Akurasi data penerima bantuan sosial masih menjadi masalah.
Produk pangan lokal masih kurang mendapat prioritas dalam penyaluran bantuan sosial (bansos). Terutama terkait bansos berbentuk bantuan pangan nontunai (BPNT) yang disalurkan pemerintah dari pusat, provinsi, kabupaten, desa maupun desa adat yang bersumber dari uang negara.
Hal itu terungkap dalam diskusi daring melalui bertajuk “Cek Ricek Data Bansos Covid-19 di Bali dan Pemanfaatan Hasil Desa” yang digelar sejumlah lembaga yaitu BaleBengong, Sakti Bali, LBH, dan AJI Denpasar pada Selasa, 4 Agustus 2020.
Dalam diskusi ini, hadir sejumlah pemangku kebijakan, termasuk Dinas Sosial Provinsi Bali maupun dinsos kabupaten seperti Gianyar dan Buleleng. Juga dari Dinas Pemerintahan Desa Gianyar, Buleleng. Peserta lainnya adalah Ombudsman Republik Indonesia (ORI) Perwakilan Bali, dan sejumlah kepala desa atau yang mewakili, serta sejumlah aktivis dan penggerak lembaga swadaya masyarakat (LSM).
Menjawab beberapa penanya, di antaranya terkait bantuan pangan nontunai agar dapat menyerap produk pangan lokal, I Wayan Parmiyasa, Kabid Pemberdayaan dan Penanganan Fakir Miskin Dinas Sosial dan Pemberdayaan Perempuan dan Perlindungan Anak (P3A) Provinsi Bali menyatakan bahwa kendalanya adalah adanya regulasi.
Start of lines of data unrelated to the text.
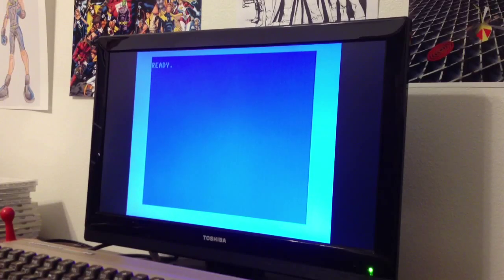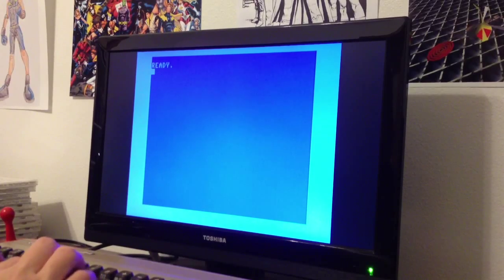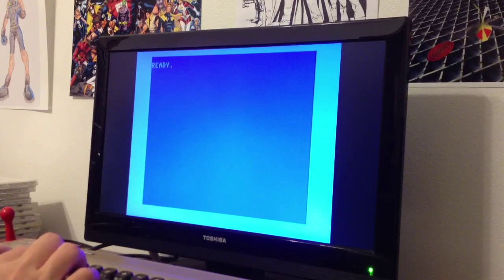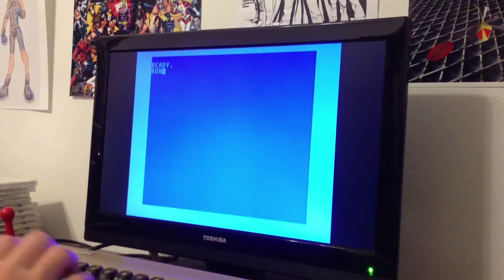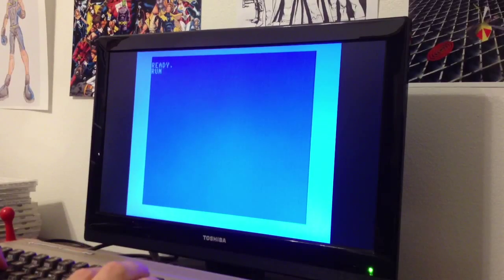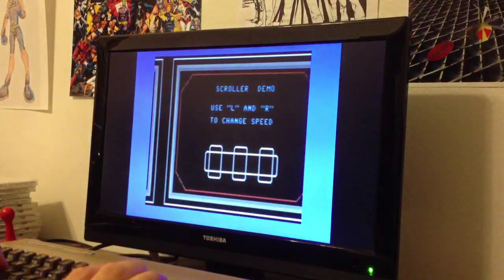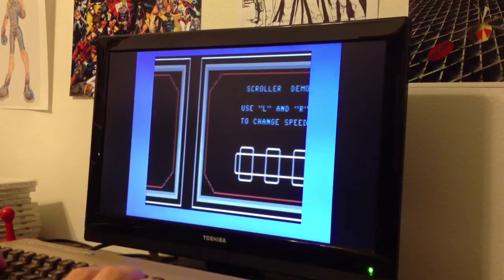Today I'm showing a smooth scrolling display hack for the Commodore 64. This is running on an actual C64, not an emulator.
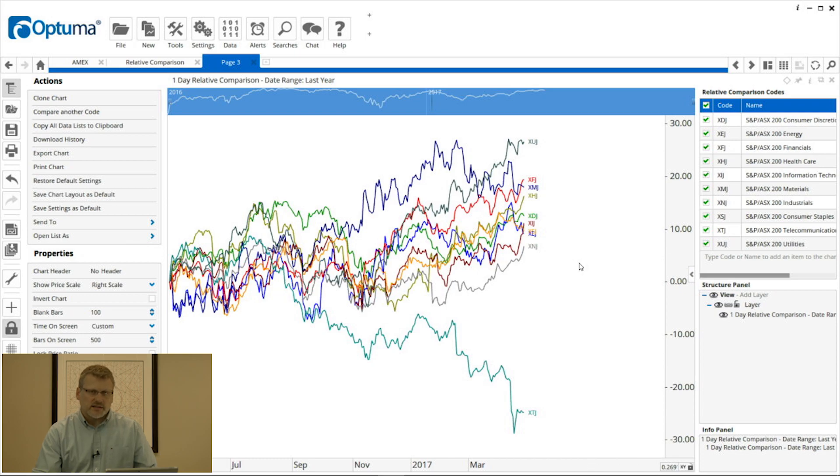So that's a quick overview of how you can create and set up your relative comparison charts. As always, any questions, please let us know at help.optima.com or support.optima.com. Thanks very much.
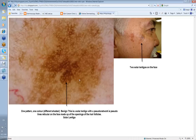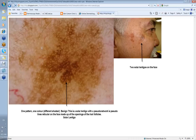So this was a solar lentigo with a pseudonetwork — pseudolines reticular on the face, made up of the openings of the hair follicles. Always remember that. This is not a melanocytic lesion; there's increased melanin deposited in keratinocytes in the skin in solar lentigo. In some there is also a bit of an increase in melanocytes along the dermoepidermal junction, but it's essentially excess melanin in keratinocytes.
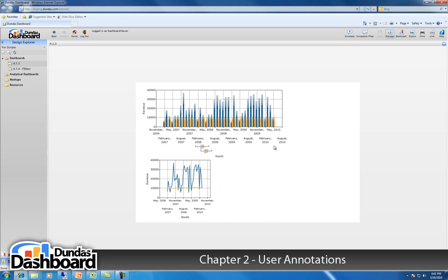Dashboard designers can customize the appearance of the annotation icon by modifying the properties listed under the user annotation indicator group in the properties grid.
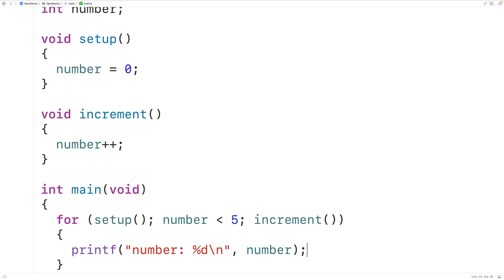So these are the ways that I'm aware of that we can call void functions. Like I said, this video is really just for fun because in general these examples would be considered either not useful or not good practice. But if you know another way we can call void functions, or if you know how one of these techniques would be considered good practice, please leave a comment.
Kata dia, ada beberapa aturan yang menentukan item BPNT. Yakni beras, telur, ikan atau daging, dan sayuran. Sudah ditentukan pemerintah pusat.
“Kita masih melihat regulasi mana yang boleh dan tidak,” kata Parmiyasa.
Padahal, menurut Nyoman Suma Artha dari Pasar Rakyat Bali, penyerapan produk pangan lokal itu penting. Kata dia, Pasar Rakyat Bali selama Covid-19 menyerap hasil pertanian lokal di Bali yang tidak terserap di pasar. Di sisi lain, banyak warga yang kesulitan membeli bahan pangan karena tidak adanya uang.
Gratis
Selama ini, Pasar Rakyat Bali mendistribusikan dengan tiga pola, menjual dengan margin, jual rugi, dan gratis. Produk pangan yang diberikan gratis disubsidi dari hasil penjualan.
Ada juga kerja sama dengan komunitas lain seperti Solidaritas Pangan Bali (SPB) yang mendistribusikan sayuran dan hasil panen lain ke dapur-dapur. Hasilnya berupa nasi bungkus diberikan ke warga yang tak menerima bansos karena bukan warga banjar, atau tinggal di perantauan. Ia mencontohkan pekerja di Legian yang sebagian besar perantau.
Suma menantang apakah pemerintah bisa memberikan dukungan terhadap gerakan seperti ini. “Kami bisa mempertanggungjawabkan datanya,” katanya.
Terkait pertanyaan itu, Parmiyasa tak bisa memberikan jawaban pasti. Ia hanya menyebut kalau banyak orang yang mau membantu seperti Nyoman Artha lakukan, maka itu hal baik. “Pemerintah sudah bekerja keras,” jawabnya.
Padahal, penyerapan produk pangan lokal sangat penting mengingat anggaran untuk itu cukup besar. Dari data Dinsos Bali, penyerapan BPNT/bansos pangan/program sembako dari Kemensos di Bali saja untuk April dan Mei mencapai lebih Rp 51 miliar. Data Juni sedang dihitung. Itu belum termasuk bantuan pangan yang bersumber dari provinsi, kabupaten, desa, maupun desa adat.
Syarat penerima di antaranya keluaga miskin yang masuk dalam DTKS, bantuan diberikan selama 9 bulan sejak Bulan April-Desember 2020, dan nilainya Rp 200.000/keluarga/bulan.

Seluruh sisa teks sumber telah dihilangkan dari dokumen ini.